▸ DATA SHOWN

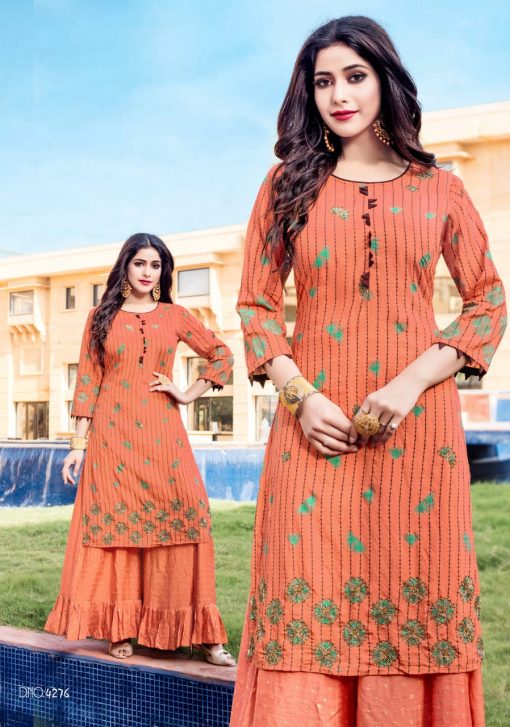 Yami Fashion Patola Kurti with Sharara Wholesale Catalog 6 Pcs 12 510x727 - Yami Fashion Patola Kurti with Sharara Wholesale Catalog 6 Pcs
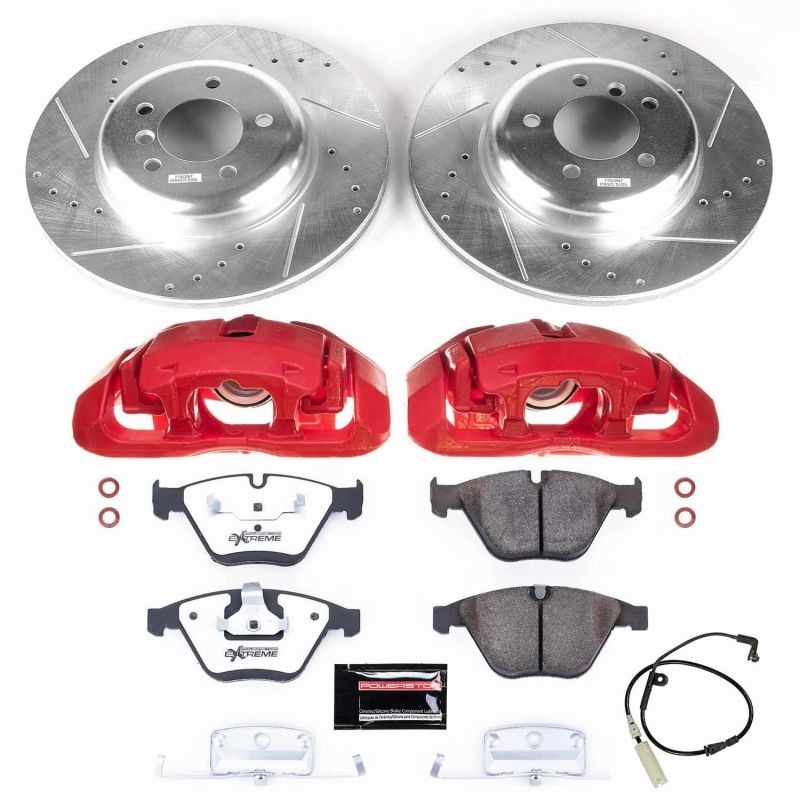 PowerStop Power Stop 06-10 BMW 650i Front Z26 Street Kit w/Cals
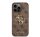 Guess PU 4G Metal Logo Apple iPhone 14 Pro Max hátlap tok, barna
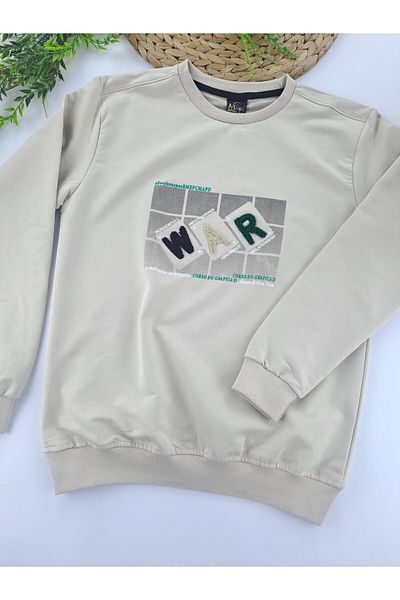 Butik Момчешки суичър от плътна компактна материя с 2 нишки, нерейпънс, сезонен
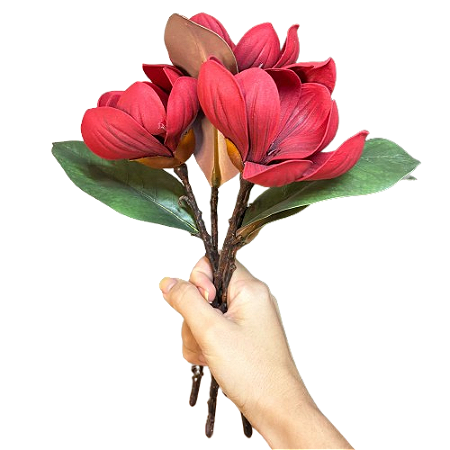 Flores para vaso de vidro 4 tubos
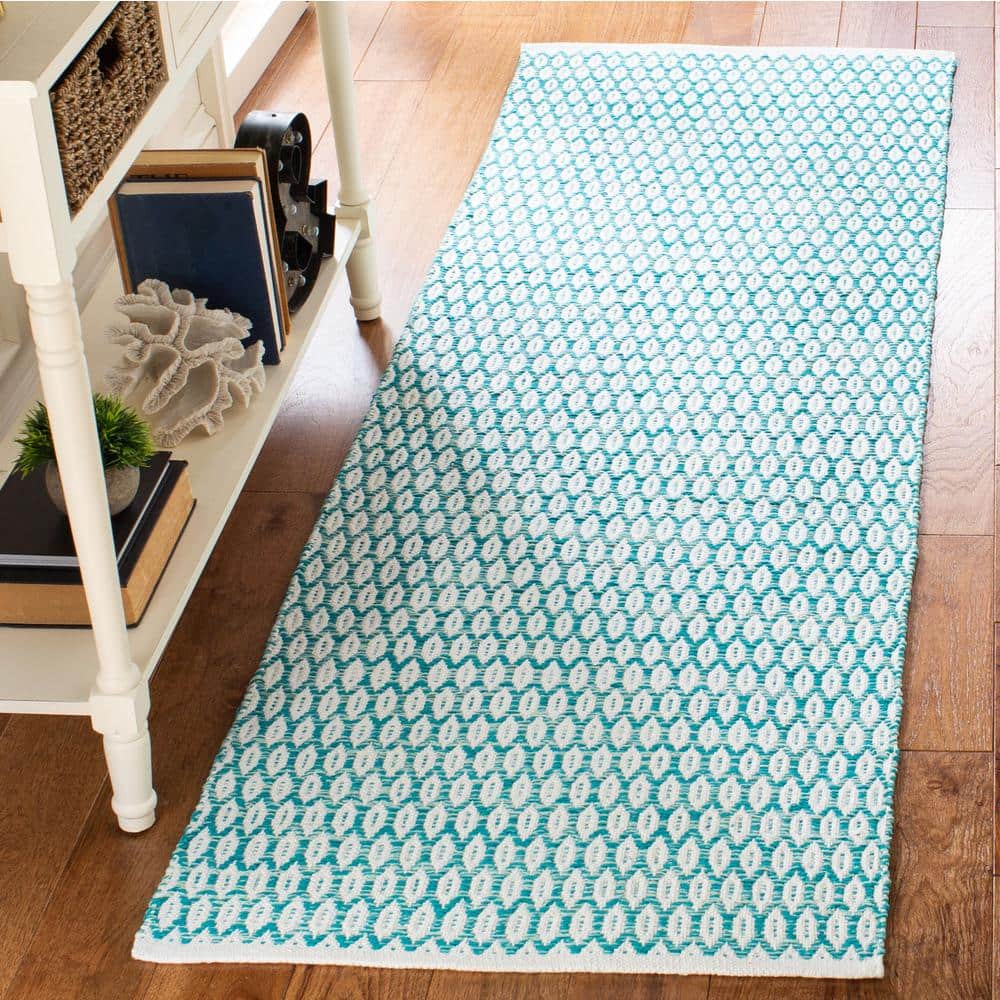 Coastal Breeze Ivory Cotton 2'3" x 7' Flat Woven Runner Rug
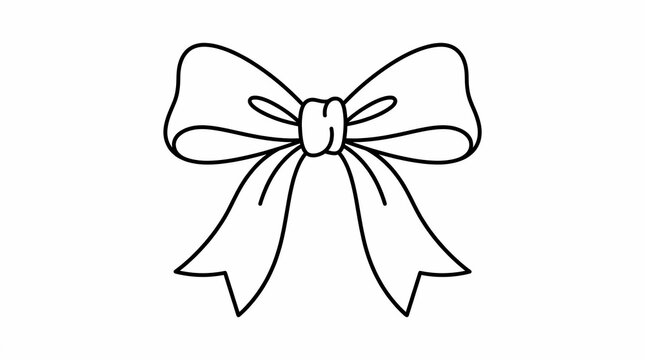 Ribbon bow for gift wrapping and decoration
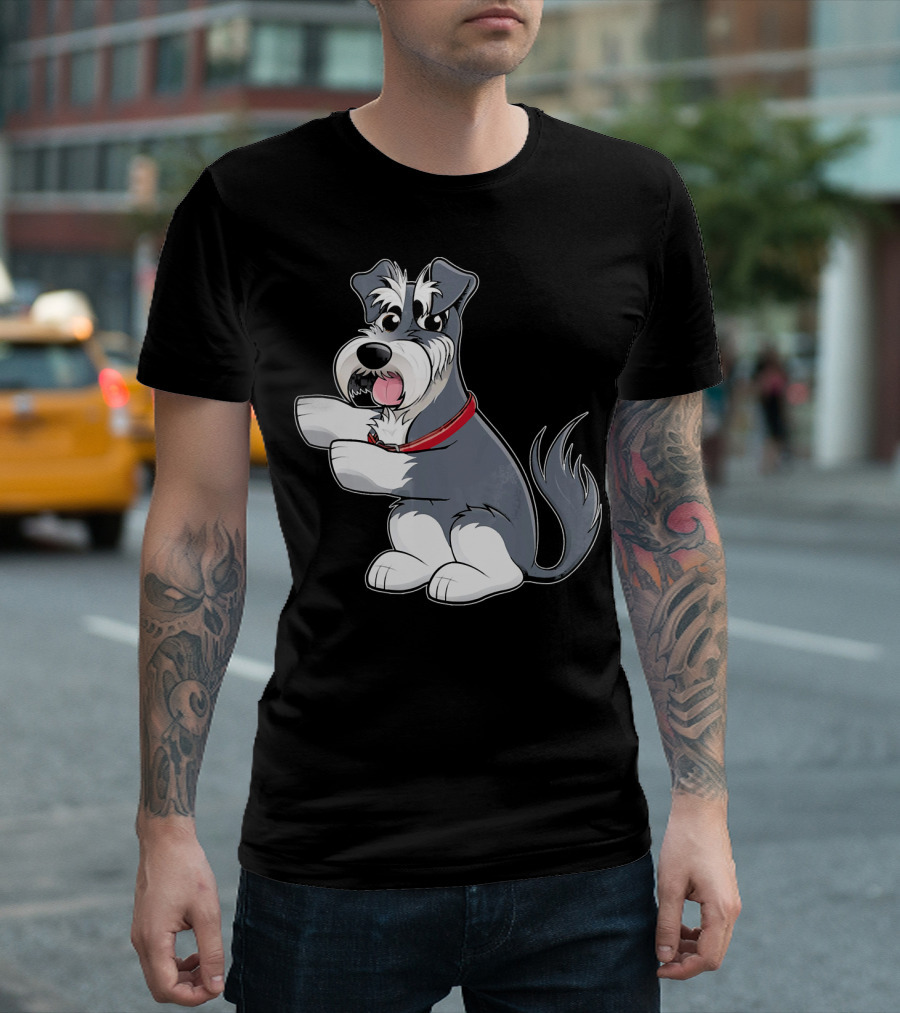 Funny Miniature Schnauzer Dab Dance Pose T-Shirt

▸ TASK STATEMENT
Each record above must be retyped exactly, minus its pictures.

▸ OUTPUT
 Yami Fashion Patola Kurti with Sharara Wholesale Catalog 6 Pcs 12 510x727 - Yami Fashion Patola Kurti with Sharara Wholesale Catalog 6 Pcs
 PowerStop Power Stop 06-10 BMW 650i Front Z26 Street Kit w/Cals
 Guess PU 4G Metal Logo Apple iPhone 14 Pro Max hátlap tok, barna
 Butik Момчешки суичър от плътна компактна материя с 2 нишки, нерейпънс, сезонен
 Flores para vaso de vidro 4 tubos
 Coastal Breeze Ivory Cotton 2'3" x 7' Flat Woven Runner Rug
 Ribbon bow for gift wrapping and decoration
 Funny Miniature Schnauzer Dab Dance Pose T-Shirt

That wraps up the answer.